If the user starts asking for surface-level (cosmetic) tweaks, or pivots to a slightly unrelated task or follow-up, treat that as a sign the core is settled: still ask, but ground it -- "seems like we've got the core thing settled here -- good to lock it in?" -- rather than leaving it open-ended.
Wait for an explicit confirmation rather than firing on a timeout or silence. The user is never blocked: they already hold the usable site.

On confirmation, hand the confirmed service to the crystallize-artifact skill with artifact=service. It owns the rest -- the tracking ticket, the task file (set artifact: service), launching the generic harden-worker, polling, merging on done, and refreshing the tab after merge. Give it only: the slug (the service name), and a task body naming the built lib path, the service name, the URL segment, and what the service does. The generic worker loads harden-artifact.md + op-crystallize.md + artifact-service.md and reports done once its testing contract and the review gates pass; there is no worker gate because the user already confirmed the live site.

The confirmed mock plus the confirmed working site remain the single source of truth: if finalization changes the look-and-feel, re-confirm with the user before calling the work done.

Escape hatch: wrap an existing server

For pre-existing third-party tools, do not scaffold a lib. Add a [program:<name>] block to supervisord.conf that runs forward_port.py and then your existing start command. supervisord runs commands directly (no shell), so wrap any command that chains with && in bash -c "...":

[program:<name>]
command=bash -c "python3 scripts/forward_port.py --url http://localhost:<port> --name <name> && <existing_start_command>"
directory=/mngr/code
autostart=true
autorestart=true

Two valid shapes:

Inline (preferred when one line fits):

[program:docs-viewer]
command=bash -c "python3 scripts/forward_port.py --url http://localhost:8090 --name docs-viewer && jupyter notebook --port 8090 --ip 127.0.0.1 --no-browser"
directory=/mngr/code
autostart=true
autorestart=true

Wrapper script (preferred for multi-step bootstrap or env exports):

# scripts/run_<name>.sh
#!/usr/bin/env bash
set -euo pipefail
python3 scripts/forward_port.py --url http://localhost:<port> --name <name>
exec <existing_start_command>

[program:<name>]
command=bash scripts/run_<name>.sh
directory=/mngr/code
autostart=true
autorestart=true

After editing supervisord.conf, run supervisorctl reread && supervisorctl update to start the new program.

The forward_port.py call MUST come first in the command -- the port must be registered before the app starts listening, otherwise the app-watcher races with the backend coming up.

For the full program schema and logging knobs, see the edit-services skill.

Verification and gotchas references apply identically to this path.

`forward_port.py` CLI reference

Used by both paths (the scaffolder generates the call; the escape hatch has you write it directly).

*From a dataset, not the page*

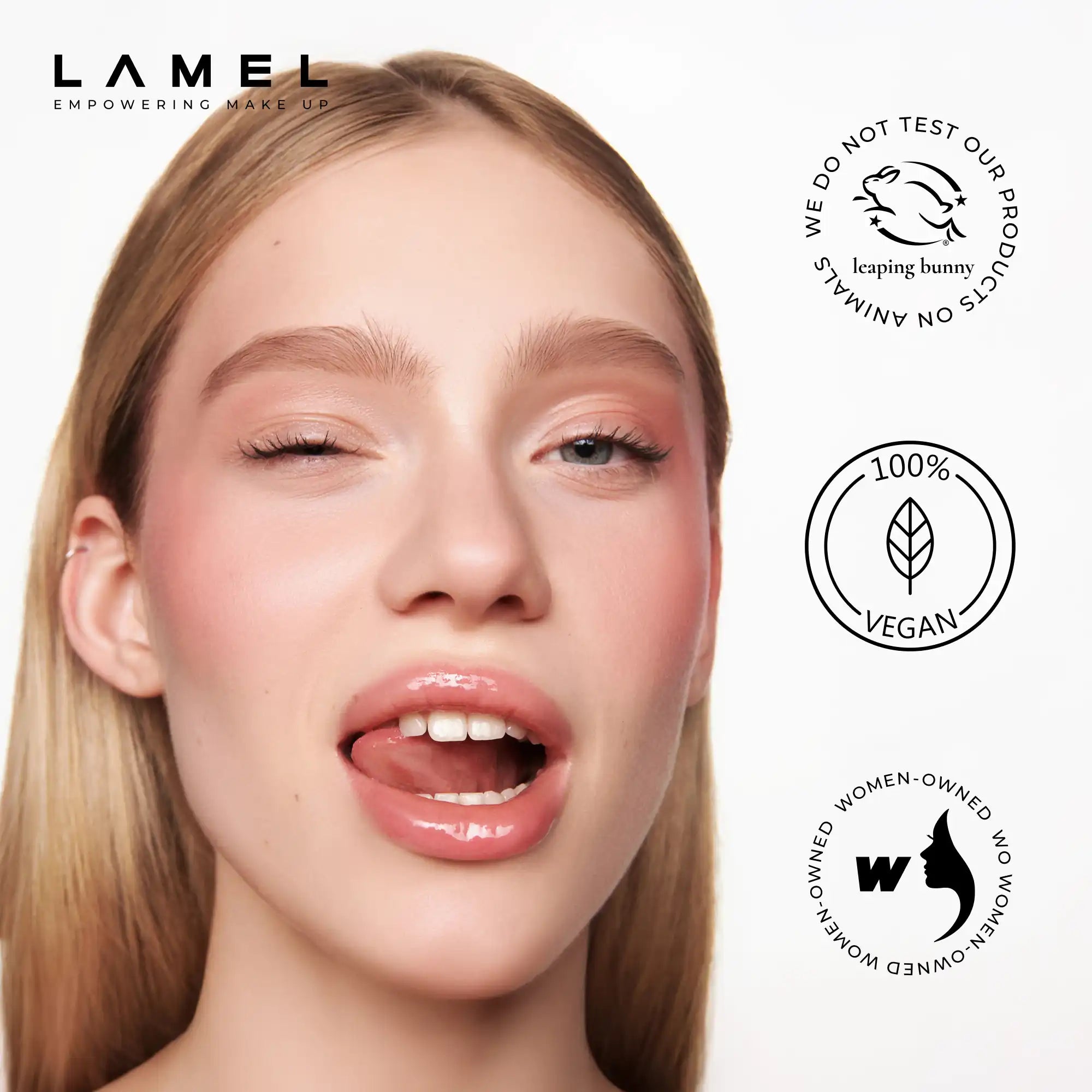 Cloud Color Lightweight Liquid Blush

python3 scripts/forward_port.py --name NAME --url URL
python3 scripts/forward_port.py --name NAME --remove

Flags:

--name: application name (must match the URL segment a user clicks: /service/<name>/).
--url: full URL where the app is reachable from inside the container (e.g. http://localhost:8090).
--remove: remove the named entry from runtime/applications.toml. Use this when tearing down a service.

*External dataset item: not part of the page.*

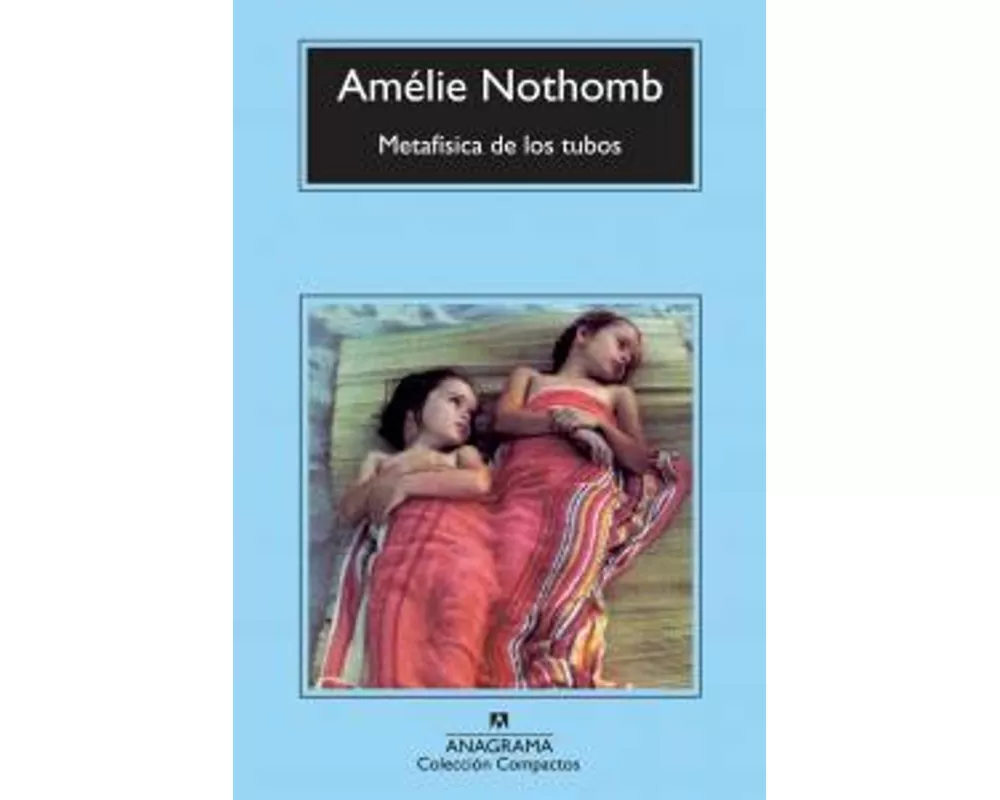 Metafísica de los tubos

The global (Cloudflare) URL

If the workspace has Cloudflare tunneling configured, the service is also reachable at a public URL -- with caveats about where that hostname lives and why it isn't in runtime/applications.toml. See references/public-url.md.

Cleanup

To remove a web service (drop the applications.toml entry, stop and unregister the supervisord program, and revert the scaffolded lib), see references/cleanup.md.